Cluster management: 2000+ open active shards

Thank you very much for the constant support you are providing. It definitely saved me a panic attack. The only reason I have a multi-cluster environment is because I cannot afford to lose the incoming logs. Hence one data node at a time, I carry out updates and OS reboots. A helpful engineer from Elastic did mention about caching logs at the logstash (which is running on a Raspberry Pi for me :slight_smile: ) but the work pressure and studies was keeping me fully occupied.

I am sorry to have asked for an extended meet, I was not aware of the community rules. I definitely do not want to break any rules.

I've taken the steps I understood but not merged or deleted indexes. I will wait for your avaialblity to carry out such changes. Since the SSD is full, I am unable to take a snapshot of the VM as a backup.

I do not have any backup of the data unfortunately. I don't have the storage onboard.

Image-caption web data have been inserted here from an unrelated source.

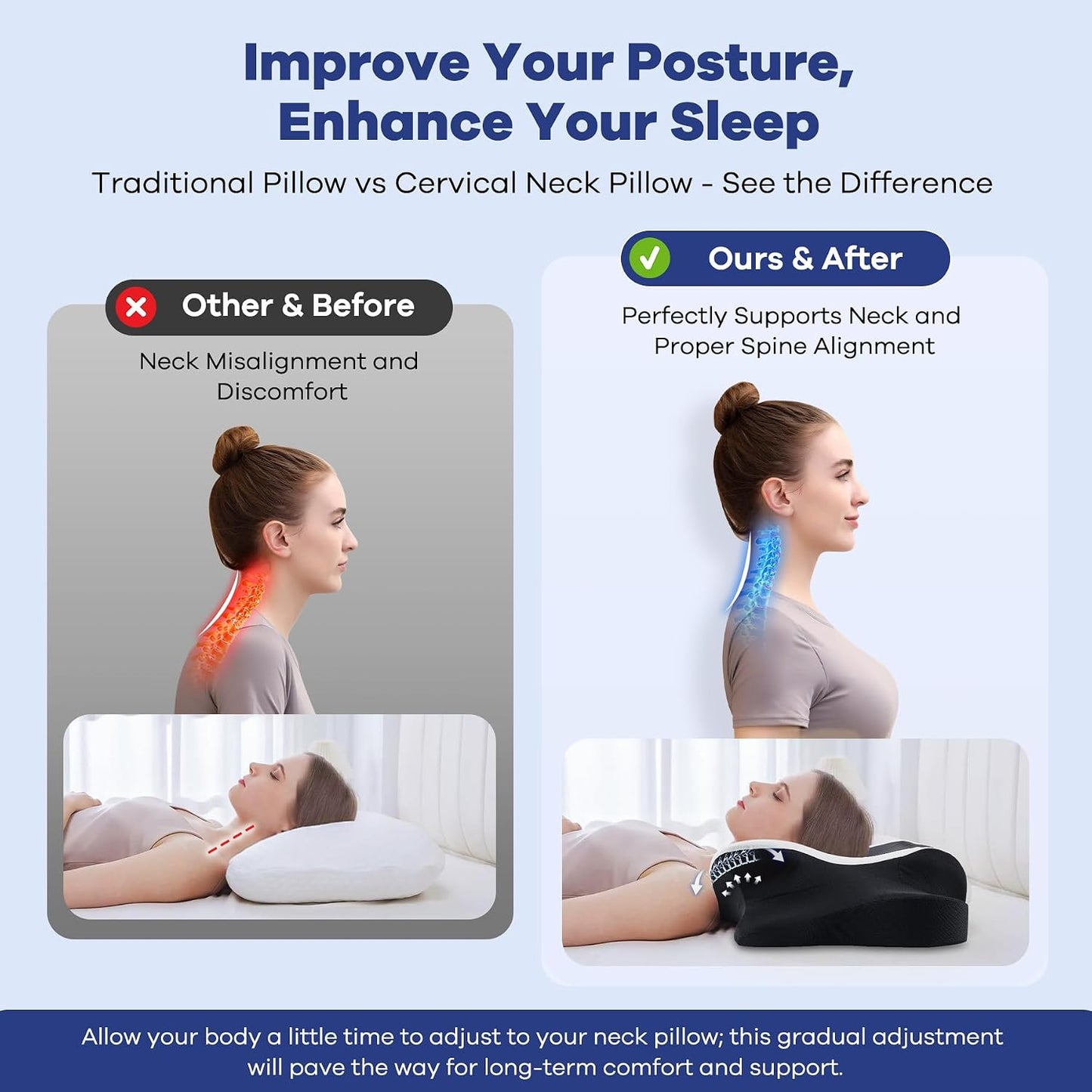 DONAMA Cervical Pillow for Neck and Shoulder,Contour Memory Foam Pillow,Ergonomic Neck Support Pillow for Side Back Stomach Sleepers with Pillowcase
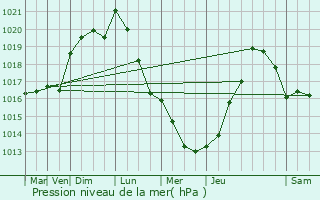 Graphe de la pression atmosphrique prvue pour Rosny-sur-Seine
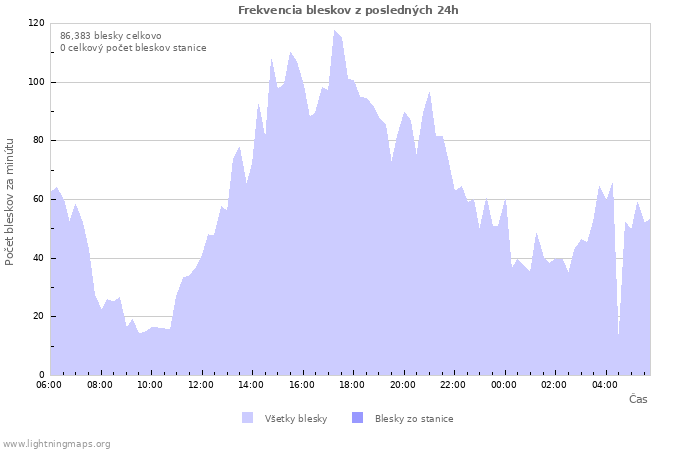 Grafy: Frekvencia bleskov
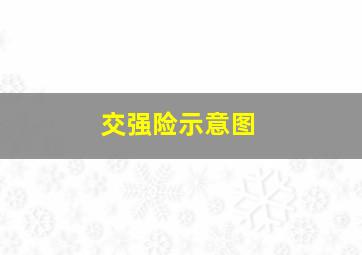 交强险示意图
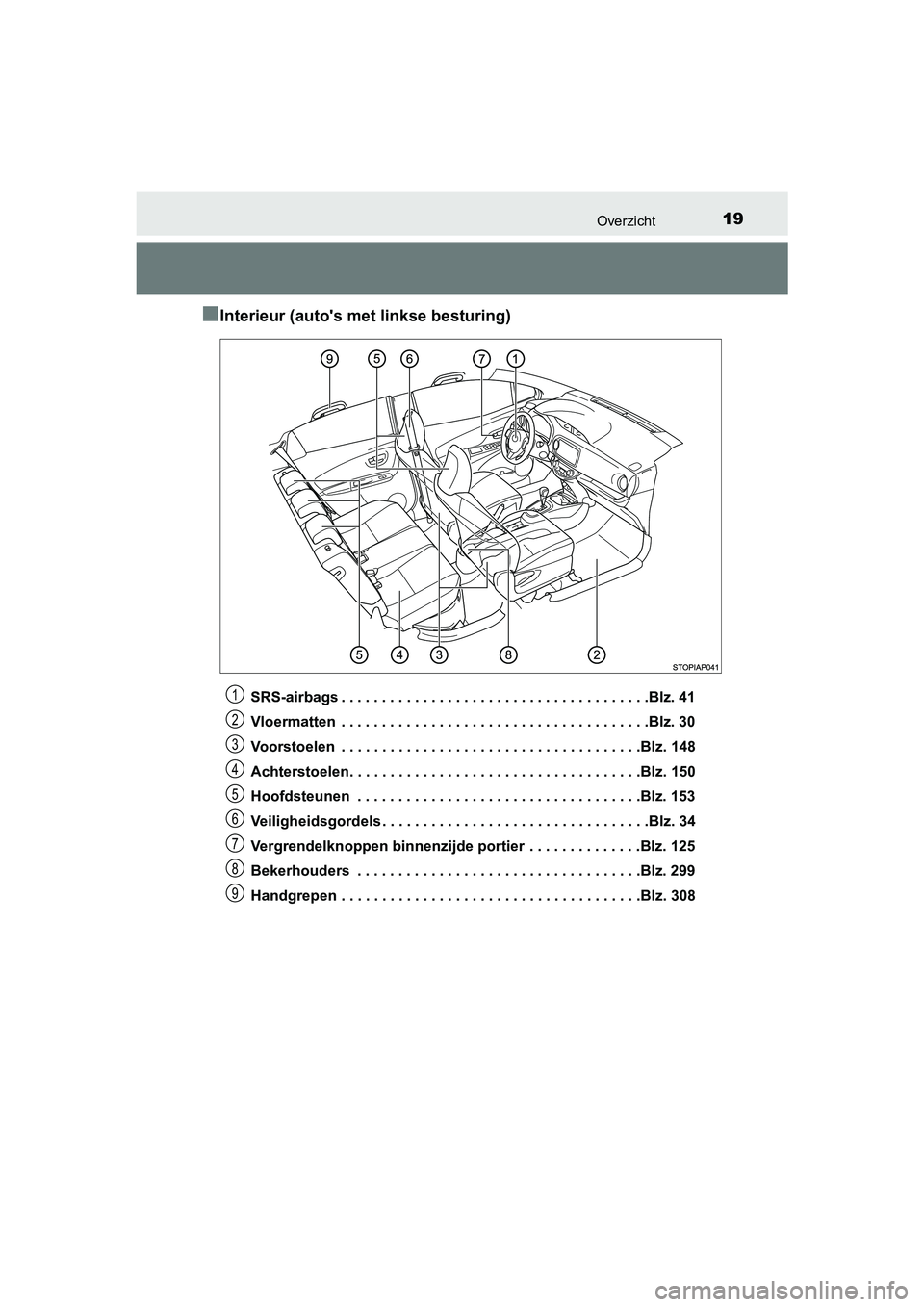 TOYOTA YARIS HYBRID 2015  Instructieboekje (in Dutch) 19Overzicht
YARIS_HV_EE_OM52F30E
■Interieur (autos met linkse besturing)
SRS-airbags . . . . . . . . . . . . . . . . . . . . . . . . . . . . . . . . . . . . . .Blz. 41
Vloermatten  . . . . . . . . 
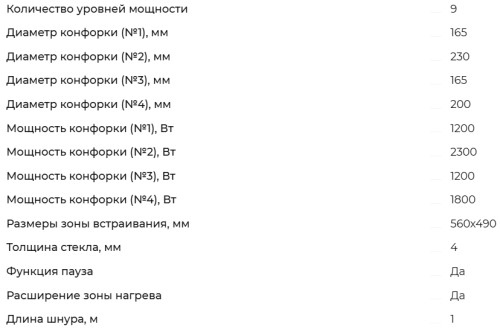 Электрическая варочная панель Meferi (Мефери) MEH604BK COMFORT PLUS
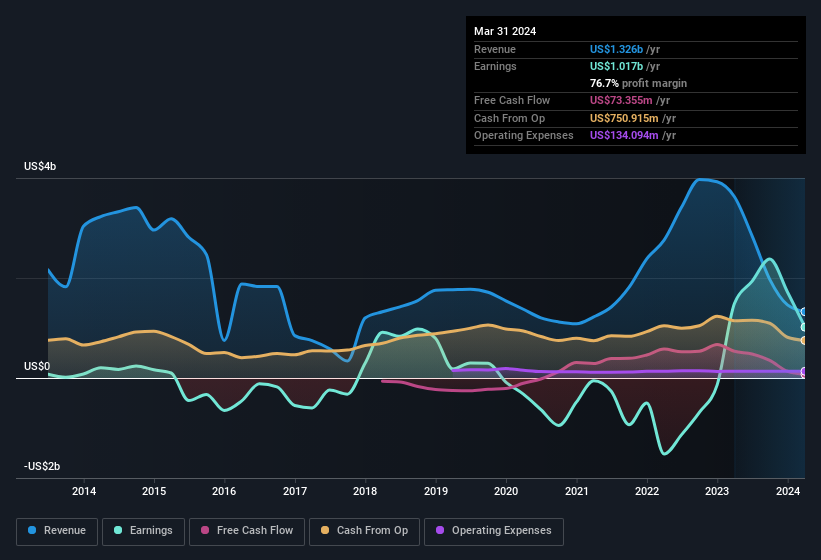 earnings-and-revenue-history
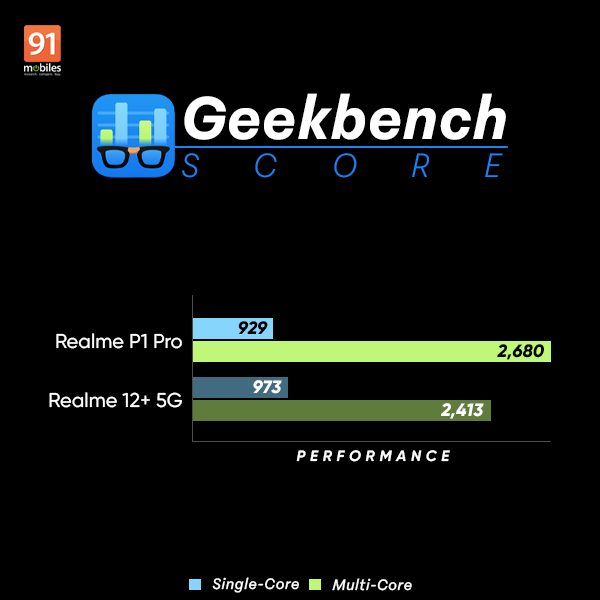 realmep1pro_vs_realme12plus_performance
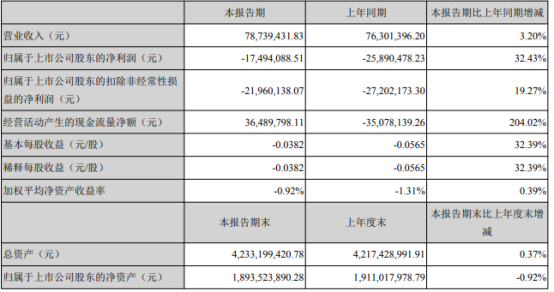 闽东电力2021年第一季度亏损1749.41万亏损减少 投资收益增加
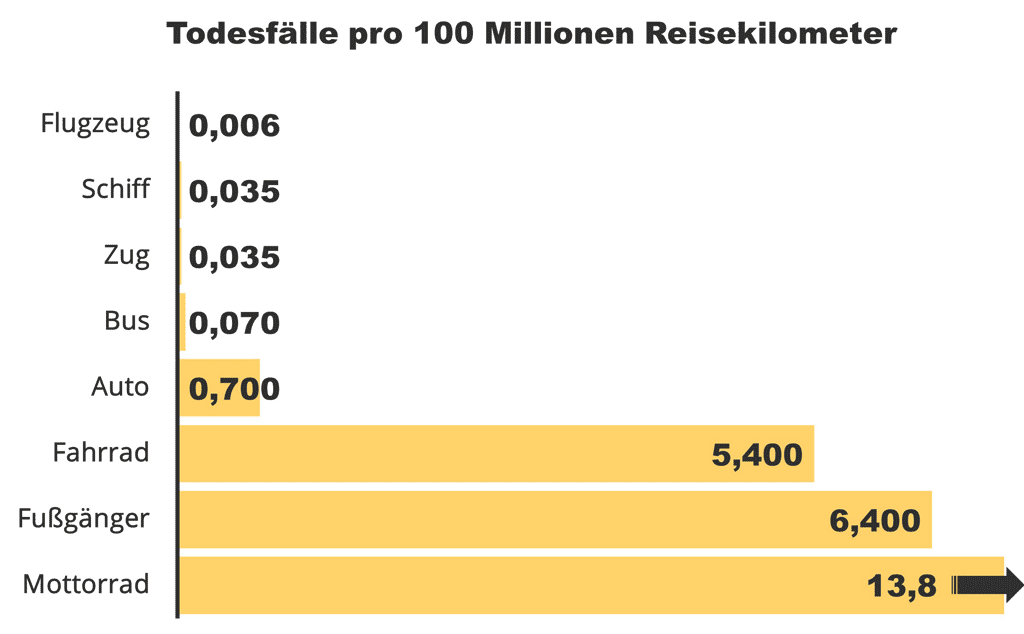 So sicher ist Fliegen heute 1 zu 7,22 Millionen (mit Statistik)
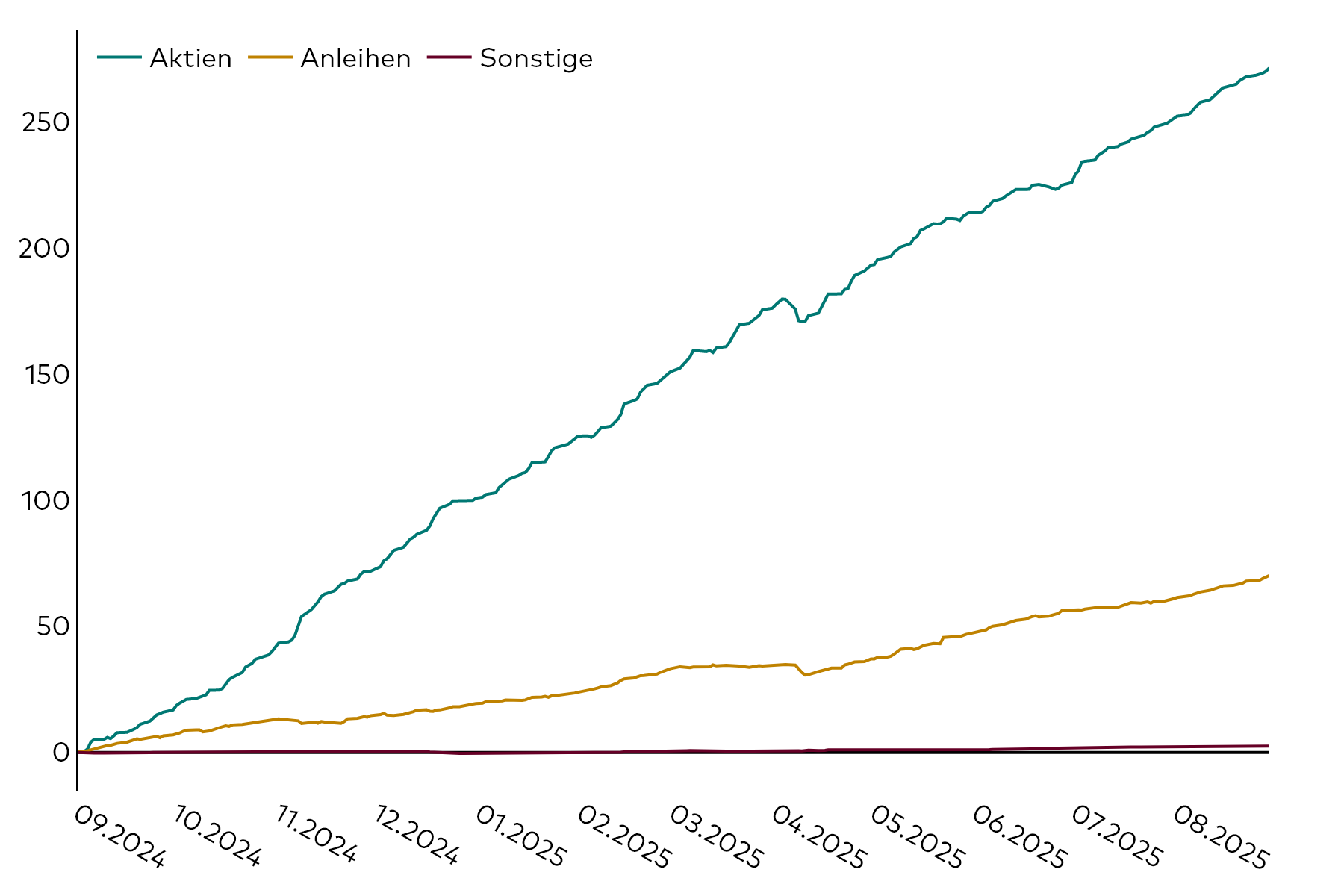 Ein Liniendiagramm zeigt die kumulativen Kapitalflüsse am europäischen ETF-Markt für die 12 Monate bis zum 31. August 2025 in Milliarden US-Dollar, aufgeschlüsselt nach Aktien, Anleihen und sonstigen Assetklassen.3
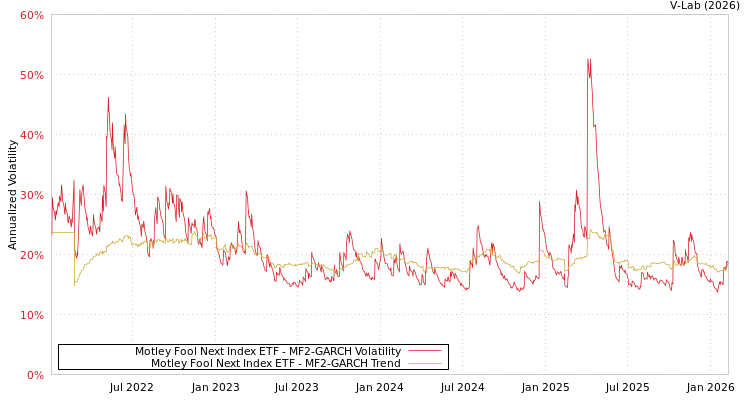 graph of Motley Fool Next Index ETF MF2-GARCH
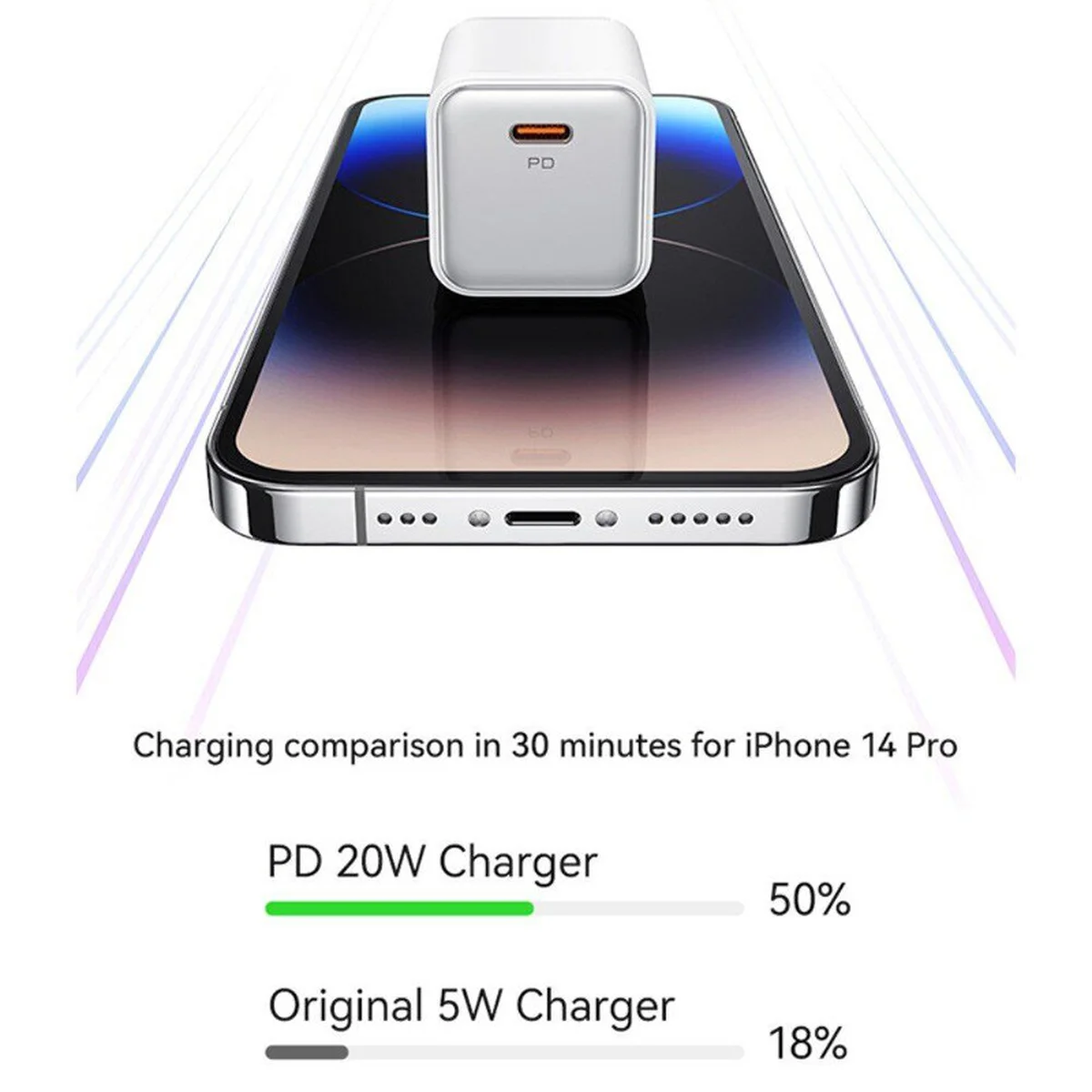 СЗУ Usams US-CC183 PD30W 1C + US-SJ610 Type-C to Lightning PD YX Series White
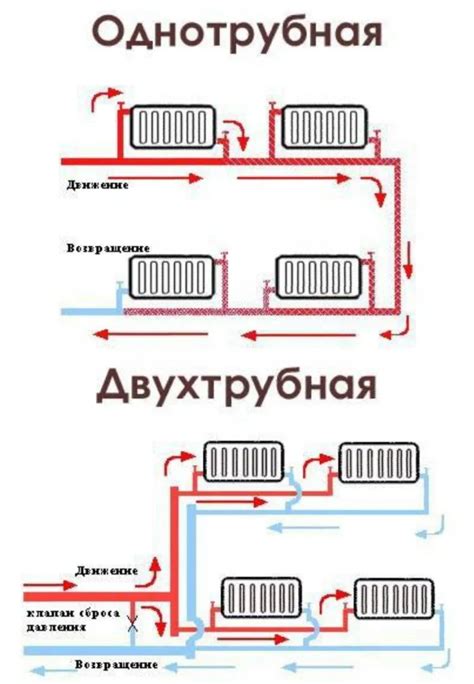 Как реагировать при протечке радиатора отопления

I can maybe attach an external HDD to the workstation, create a volume and mount it to the VM for a backup? I will look at mounting an external disk to the VM, and request your guidance for the snapshot :smiley: . That would definatly help me sleep better knowing there is backup of the data.

I know about snapshots but I have never been able to implement it. Hopefully this time around I will with you guidance.

I don't mind moving one of the hosts to the NAS but I see it as a serious bottleneck for IOPS. Let me see if I can measure it before movement. Since I have seperated the disks for OS and Elasticsearch data, I can easily mount second disk and move the data to see and if need be revert to the first one. I'll keep you posted on this one.

Combing indexes and deleting is something I'd like to do with your guidance as I am not even "good" at Elastic administration, hopefully I'll get certified soon. One more for college :slight_smile:

While I see "trial" license in the stack management page, I reckon it is platinum license since I have access to ML and Kibana Graphs for Link analysis.

Edit 1:
So the open shards are above 2000 and hence I cannot export reports for college. :expressionless:

Thank you very much once again and I hope you and your loved ones are safe and healthy

hi @parthmaniar

You are doing a great job!, and no worries about asking at all I just wanted to set expectations.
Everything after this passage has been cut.